On Friday afternoon, GM OnStar announced a software update to its RemoteLink app for iPhone to patch a security vulnerability that could have been used from across the internet to track GM vehicles, unlock their doors, start their ignitions, and even access the car owner’s email and address. Responding to WIRED’s story Thursday about the vulnerability revealed by security researcher Samy Kamkar, GM had said it fixed the flaw through a change to its server software. But after Kamkar pointed out that the attack wasn’t blocked in his subsequent tests, the company has now also created a patch for its iOS app and says iPhone and iPad users should follow up by updating their RemoteLink app to fully protect their vehicles.

“Based on our initial conversations with Samy, we made changes that did not require user interaction. In our continued testing and conversations with him yesterday, we confirmed that [fix sufficed] for Android, Windows and Blackberry users but not for Apple iOS users,” wrote GM spokesperson Renee Rashid-Merem in a statement to WIRED. “GM takes matters that affect our customers’ safety and security very seriously… An update is now available via Apple’s App Store. Impacted customers will receive a communication from OnStar today and the previous version of the app will be decommissioned following that communication to ensure customer security.”

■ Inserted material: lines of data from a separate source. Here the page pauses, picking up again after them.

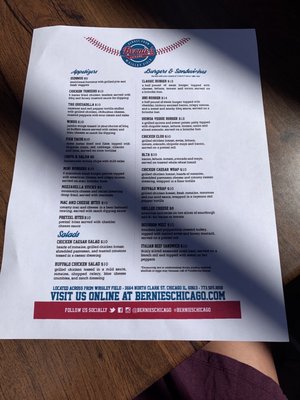 Menu photo 6 Bernie's Tap & Grill Chicago, IL Menu photo 6 Bernie's Tap & Grill Chicago, IL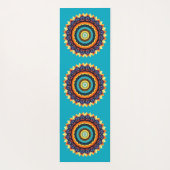 Blumen-Sonne-Mandala-Yogamatte Yogamatte (Rückseite)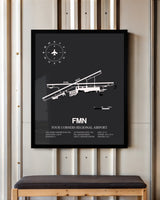 Frame color options for Four Corners Regional Airport Wall Art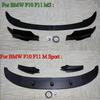 4Pcs Car Front Bumper Splitter Lip Side Spoiler For BMW 5 Series F10 F11 M5 M-Sport 2011-2017 Gloss Black Body Kits Tuning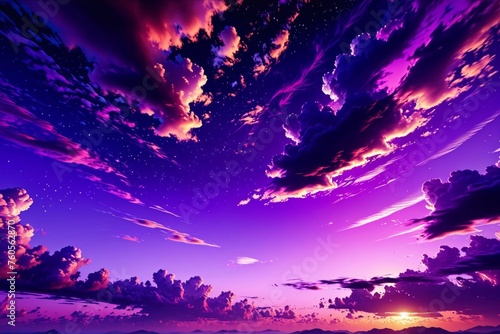 Abstract purple landscape © serj
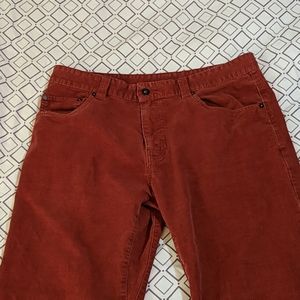 Men's Prana Corduroy Pants. Size 36.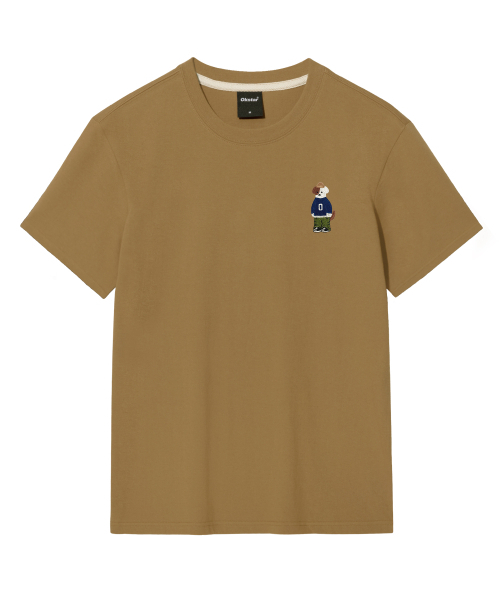 OKSTAR（オクスター）の「ミニミニビーニーブロドック刺繍半袖（Tシャツ/カットソー・レディース・ダークブルー/グレー/ダークグレー/ライトグレー/ライトベージュ/カーキ/ダークグリーン/ネイビー/ホワイト/クリーム/ブラック・X-LARGE/MEDIUM/LARGE/SMALL/2XL/3XL/4XL）」の19枚目の写真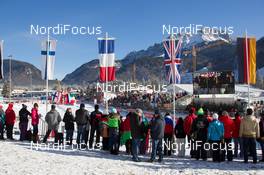 12.12.2014, Hochfilzen, Austria (AUT): Event Feature: Overview over the biathlon stadium - IBU world cup biathlon, sprint women, Hochfilzen (AUT). www.nordicfocus.com. © Manzoni/NordicFocus. Every downloaded picture is fee-liable.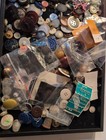 Large Assorted Vintage Button Collection     Mixed Colors  Materials   Sizes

Kamkar had proven the existence of that OnStar vulnerability with a proof-of-concept device he plans to detail at the hacker conference DefCon next week. The book-sized gadget he developed, which he calls “OwnStar” in a reference to the hacker term to “own” or gain control of a target computer, is designed to be hidden under the chassis or bumper of a GM vehicle the attacker is targeting. When the car’s owner uses the OnStar RemoteLink app within Wi-fi range of the car, OwnStar exploited an authentication flaw in the app to intercept the user’s credentials and send them wirelessly to the hacker. And with those credentials in hand, a hacker could do anything to the vehicle that the RemoteLink app allows, including tracking it, unlocking doors, honking the horn, starting the ignition and accessing all the personal information in the user’s OnStar account. “If I can intercept that communication, I can take full control and behave as the user indefinitely,” Kamkar told WIRED earlier this week.